Dans sa main je confie
mon âme.
Mon dernier, mon Shema Israel
maintenant je vais me le rappeler.
………………….
Et quand mon saint père,
qui était ma petite fenêtre sur le vaste monde,
Mon père avec ses pas mesurés et sûrs,
ses pas confiants, croyants,
quand il a pris mon frère Benjamin
avec ses yeux brillants
et la femme de Benjamin et ses enfants,
quand ils sont partis avec tout le peuple,
pour moi ils ont pris des petites marches séparées, de traverse
plus nombreux que le sable de la mer, mais pour moi
ils étaient des pas séparés,
mes propres battements de cœur.
Mon propre peuple, avec qui j’ai commencé
mon monde créé -
maintenant marche vers sa fin.
mon monde créé, qui avait un commencement,
maintenait brûle dans les dernières heures de sa ruine.
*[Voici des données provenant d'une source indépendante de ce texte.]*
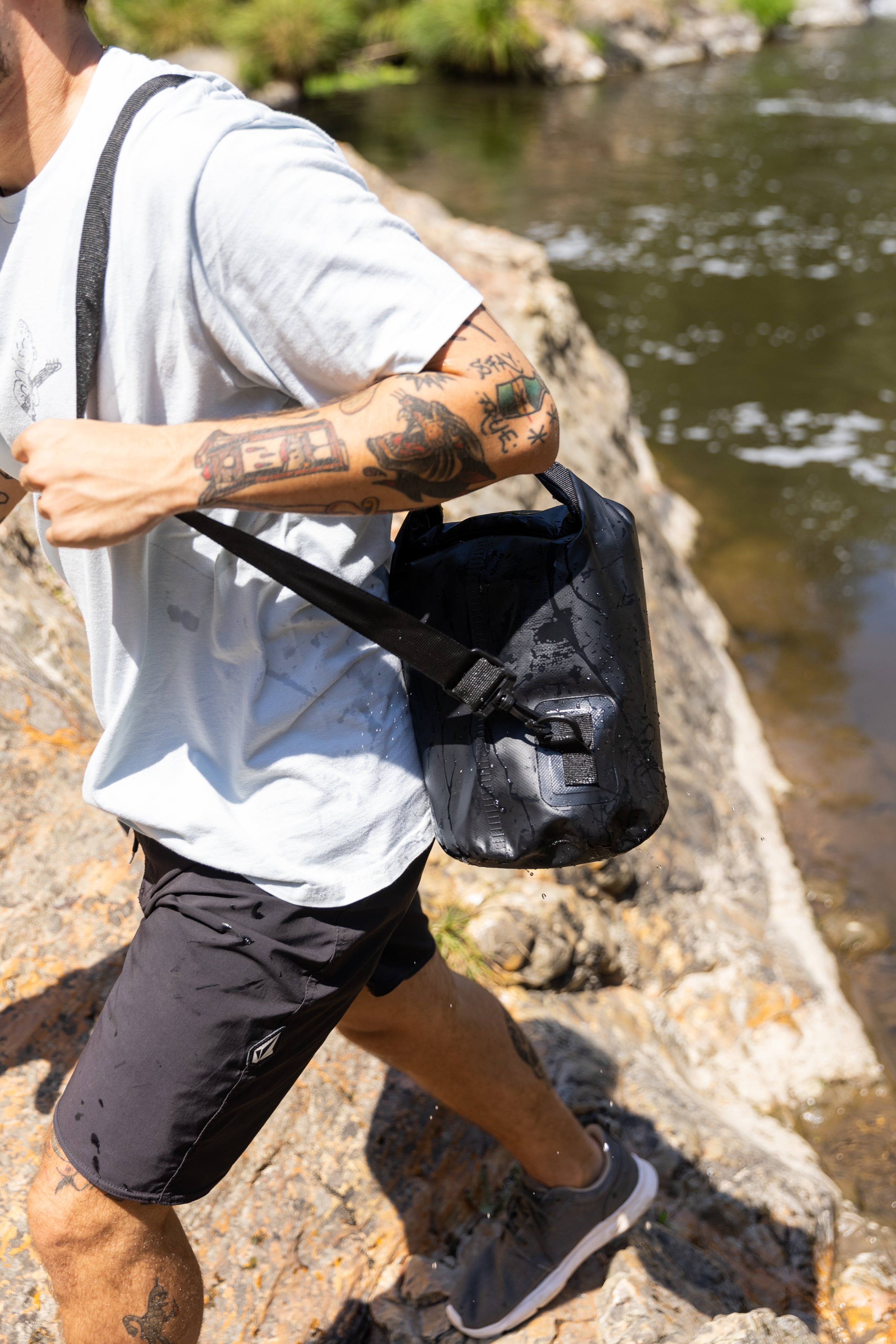 8000kicks-waterproof-dry-bag-10-liter-schwarz image 6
La lumière du ciel est passée
toute une Bible s’assombrit et se tait.
Tout un pays est un pays dévasté.
Des millions marchent et parmi eux
mon père avec ses yeux spirituels,
mon frère Benjamin
derrière mon père, avec son amour confiant,
avec femme et enfant.
Et séparément ils marchent à grands pas
dans les chemins de mes rêves,
Passent à côté, passent dans la mort,
et déchirent tout mon rêve
comme une toile d’araignée.
Ces séparations, ces petites destructions aussi,
cela monte en moi et me déchire,
je dois me rappeler.
(Jacob Glatstein, Un juif de Lublin, extraits)
Adaptation personnelle
Au milieu de la route
Pouvez-vous entendre les tambours, juste un peu,
jusqu’à ce que nous la génération du désert, disparaissions.
Soyez patient avec nous.
Pouvez-vous ralentir un petit peu vos pas,
Laissez-leur croire que nous aussi nous allons arriver.
Nous n’irons pas là.
Nous ne pouvons aller là.
La route qui a oublié toute joie est trop longue,
Quand nous tombons, relevez-nous.
Portez-nous comme un livre saint de tristesse
Si nous mourons,
Enterrez-nous au milieu de la route,
Comme des morceaux de pavés.
Et si vous montrez quelque irrespect envers nous,
que cela ne soit pas retenu contre vous,
génération chantante d’intransigeance,
Si nous restons seuls,
la nuit va tomber sur nos os,
et couvrir nos tombes,
et quand nos tombes disparaîtront, vous deviendrez un peuple
de joie orpheline,
sans douce tristesse paternelle,
mais notre tristesse n’est pas simplement noble,
elle est pleine de force. Sans nous,
vous êtes un peuple enfantin
avec un dieu fou et de papier.
adaptation personnelle
Bibliographie
Quelques œuvres :
Seulement une voix, traduction Rachel Ertel, Buchet Castel
Anthologie de la poésie yiddish Traduction de Charles Dobzynski
Selected Poems of Jacob Glatstein, transl. Ruth Whitman) October House 1973
The Glatstein Chronicles, Yale University Press 2010
I Keep Recalling, The Holocaust Poems of Jacob Glatstein transl. Barnett Zumoff) Ktav Pub Inc; 1993
Foun main gantzer ni (1919-1956);
Kh’tou dermonen, New York, 1967 ;
Guezanguen foun rechts tsou links, New York, 1971.